### DATA TO EXAMINE
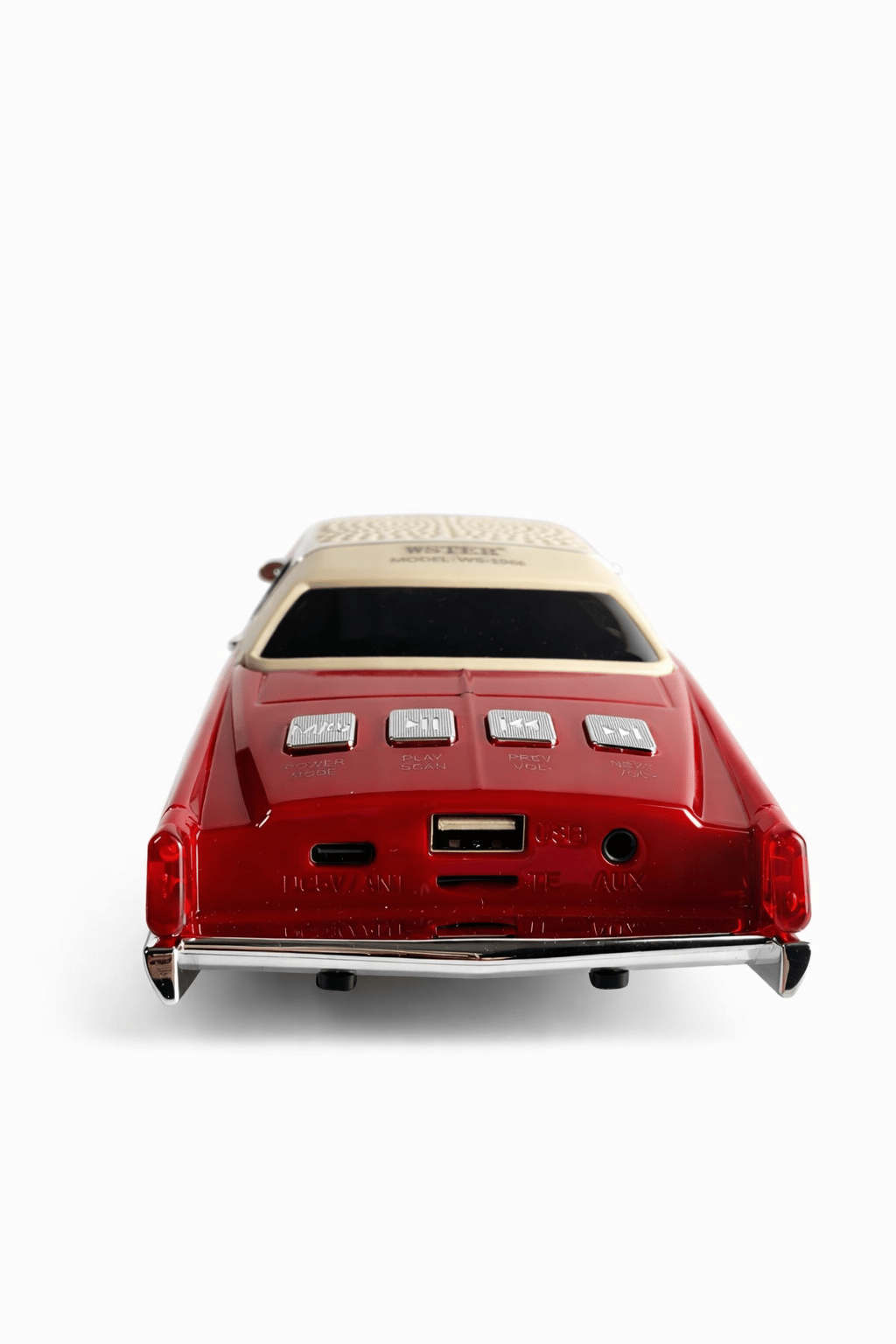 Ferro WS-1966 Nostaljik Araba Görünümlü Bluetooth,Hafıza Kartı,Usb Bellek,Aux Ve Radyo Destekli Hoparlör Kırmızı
...
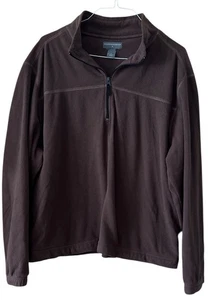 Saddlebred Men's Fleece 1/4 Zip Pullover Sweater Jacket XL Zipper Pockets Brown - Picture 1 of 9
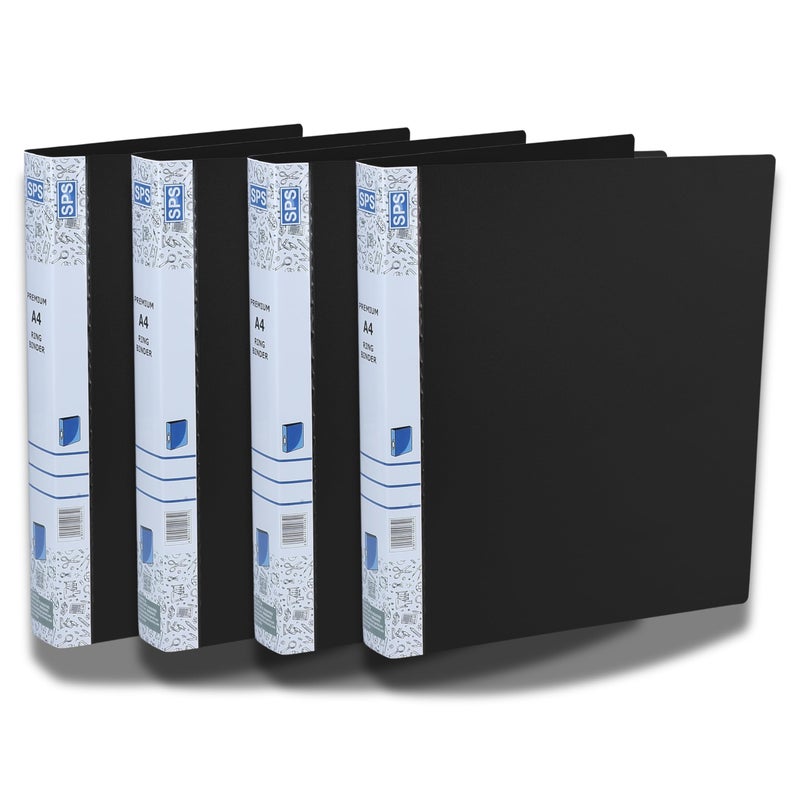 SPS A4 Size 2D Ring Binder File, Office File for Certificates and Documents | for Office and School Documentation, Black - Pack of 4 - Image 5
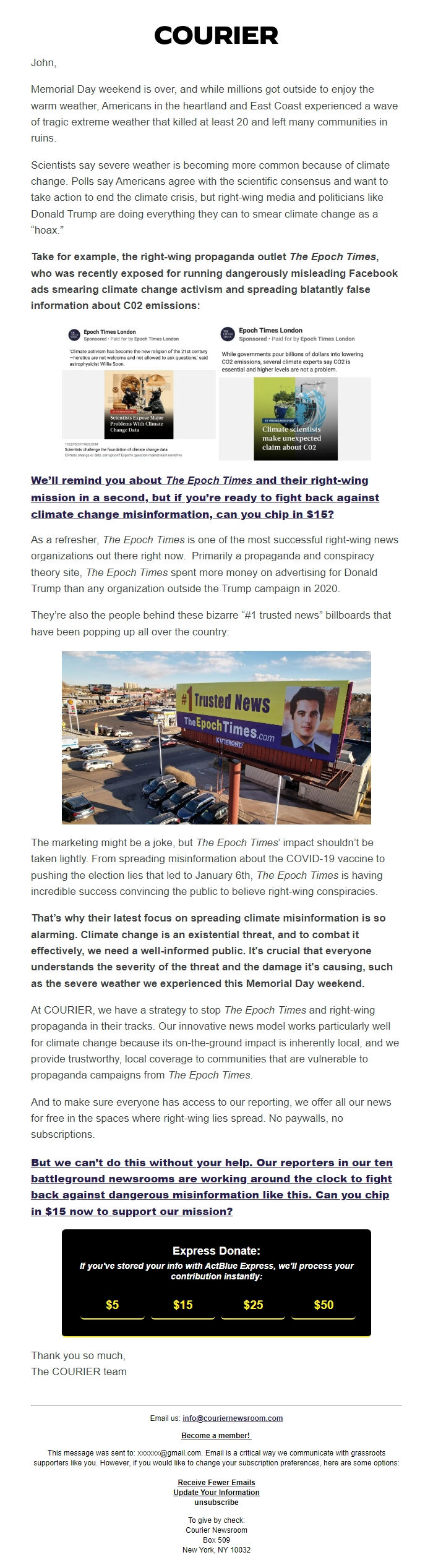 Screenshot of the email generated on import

### TRY IT
Although the records above contain pictures, the copy should not; retype exactly the lines from the one containing "SPS A4 Size" through the one containing "Screenshot of the email generated on import".

### THE ANSWER
 SPS A4 Size 2D Ring Binder File, Office File for Certificates and Documents | for Office and School Documentation, Black - Pack of 4 - Image 5
 Screenshot of the email generated on import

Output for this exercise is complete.